Oxidative stress in a living organism is a chemical condition in which oxidative species overcome antioxidant systems due to an imbalance between the two parts. The oxidizing species, among which the free radicals stand out, perform important functions such as the elimination of pathogenic bacteria, the regulation of arterial pressure, the transmission of signals. When free radicals are in excess, they can alter the normal functioning of vitals molecules, leading to cellular and tissue damage. If this damage it is not promptly repaired, it will facilitate the appearance or accelerate the progression of very common diseases such as atherosclerosis, stroke, Parkinson's disease, Alzheimer's dementia, diabetes, certain types of cancer and other pathologies.

Furthermore, an increase in free radicals promotes premature aging of the organism. Among the causes of oxidative stress are environmental pollution, incorrect diet, inadequate exercise, chronic medication intake, untreated inflammatory states, cigarette smoking and alcohol abuse.

Measuring oxidative stress

As the oxidative stress does not exhibit specific clinical manifestation it can be identified only if the clinician suspects its presence and suggest the patient to go to a laboratory and run a blood test.

Depending on the clinical situation he can suggest to request one or more Panel Carratelli test. For a comprehensive oxidative balance evaluation, it will be needed the d-ROMs Test for the evaluation of pro-oxidant status linked to one of the parameters related to the antioxidant potential (BAP Test, OXY-Adsorbent Test, -SHp Test and anti-ROMs Test).

A condition of oxidative stress will be indicated by an increase of d-ROMs values and/or a decrease of BAP Test or OXY-Adsorbent Test or -SHp Test or anti-ROMs Test values.

The results of these exams lead to an extremely accurate and reliable clinical diagnosis of oxidative stress, where the two opposite parameters (pro-oxidant and anti-oxidant) can be evaluated individually. This allows the real-time picture of the causes of oxidative stress, the increased production of free radicals or a reduced capacity of the antioxidant barrier. The antioxidant therapy monitoring can be based on solid fundamentals and not on an empiric idea.

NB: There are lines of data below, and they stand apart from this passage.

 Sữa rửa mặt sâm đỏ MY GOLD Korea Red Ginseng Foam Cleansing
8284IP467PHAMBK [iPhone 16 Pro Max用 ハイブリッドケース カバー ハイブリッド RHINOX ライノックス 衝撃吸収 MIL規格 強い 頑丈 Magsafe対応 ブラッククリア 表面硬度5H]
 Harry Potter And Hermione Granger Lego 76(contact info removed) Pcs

Who should measure the oxidative stress

Panel Carratelli tests are useful as a prevention diagnostic test as they provide an indication on the general well-being of the organism. For this reason everyone should undergo an oxidative stress evaluation, even if in good health condition, as oxidative stress does not give rise to specific clinical manifestations. The tests are especially recommended if a person is:

  • exposed to pro-oxidant factors (e.g. incorrect lifestyle, pollutants in the workplace, etc..)
  • have to undergo specific treatments (e.g. dialysis, bypass, organ transplantation, pill, radiotherapy, chemotherapy, etc.)
  • suffer from chronic degenerative diseases (e.g. diabetes, atherosclerosis, cancer, dementia, rheumatoid arthritis, etc..)

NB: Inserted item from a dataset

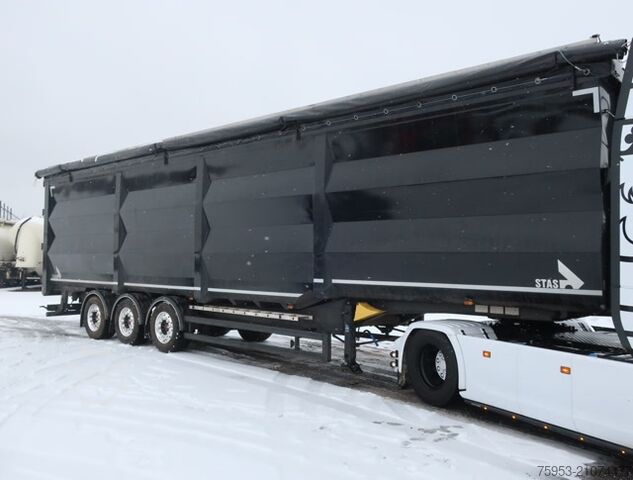 Kipper Auflieger Stas S300CX Ferrostar Steel 86m³ 2x Liftachse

How to fight oxidative stress

The treatment of oxidative stress requires the identification of the causes and the determinative mechanisms. If there is an increased production of free radicals, it is necessary to identify the primary metabolic source responsible and try to keep it under control (e.g. to reduce inflammation, to improve tissue perfusion, to reduce the burden of toxins, etc...). On the other hand, if the antioxidant defences are reduced, we must restore them through the most appropriate antioxidant diet, regular and not excessive physical exercise, the reduction of smoking, alcohol and stress. If the antioxidant deficiency cannot be restored by nutritional interventions, it is possible that specific supplementation is required and subsequently be prescribed by the competent health professional.